I am developing a windows desktop client/server application in .NET where the client application connects to SQL Server Express 2005 via the SQL native client and a connection string. The client then executes SQL over the connection on the database directly (no stored procedures).
How can I configure SQL Server (or windows) security in such a way that only my signed application binaries can connect to the database and nothing else from the client machines? (ie. not SQL Server Management Studio Express, hacked versions of my binaries or other malicious code) Would I need to embed cryptographic keys in my application? If so, how can these be protected from disassembly attacks?
The client or server machines can be placed on a corporate domain. Using SQL Server full edition instead of SQL server express is also an option. I would also like to still be able to run SSMSE locally on the server machine for upgrades and support work (the server will have physical doors-and-locks security to prevent access to it).
My application needs to read data from tables to calculate summary information. The summary information does not need to be secured but the detailed individual rows do. I think this requirement excludes any form of table based permissions combined with windows accounts or sql server user names and passwords.

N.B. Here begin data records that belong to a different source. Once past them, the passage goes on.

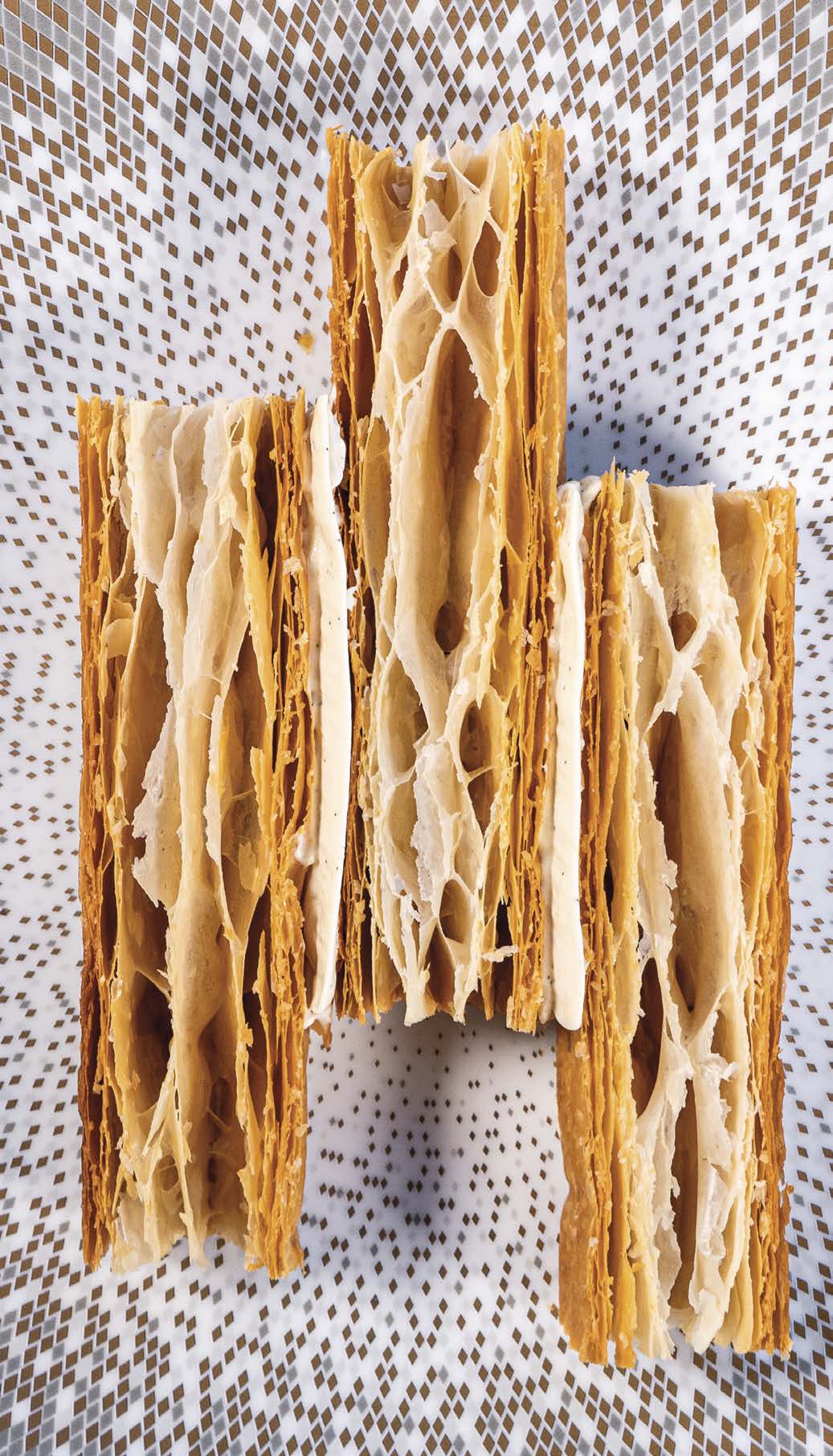 Mille-feuilles ouvertes à la vanille de Tahiti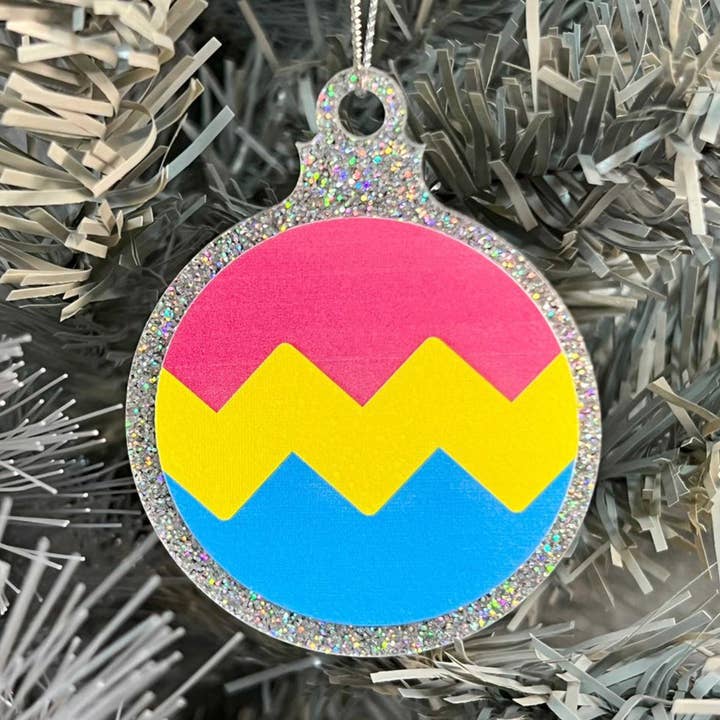 Pansexual Pride Flag Julgranskulor för wholesale av Rainbow & Co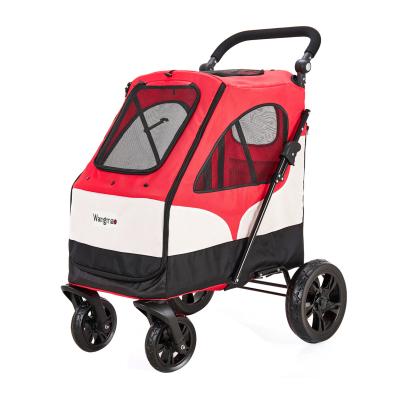 China Rehabilitation Therapy Pet Stroller Trolley Dogs Stroller Luxury Pet Trolley for sale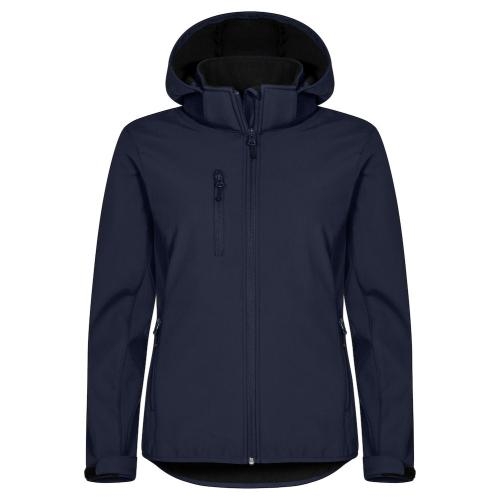 Classic Softshell jas Hoody dames dark navy,3xl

I would use some sort of windows account or username and password combination 🙂
Sarcasm aside, what you are talking about is just permissions. Connect your app to the SQL server using a user account you control, and don’t provide the account credentials to the user. Problem solved. Well, almost.
The only other way “in” is with an account like Administrator or SA that has a server role granting access to the whole SQL server, so you’d have to make certain the user does not have access to the SQL server through that path. That’s pretty simple to do — restrict the Builtin\Administrators group in SQL Server, for example by giving it only Public and not sysadmin, disable the SA account (if the server has mixed mode authentication), and substitute another account in your control to act as sys admin. Be careful not to lock yourself out :-).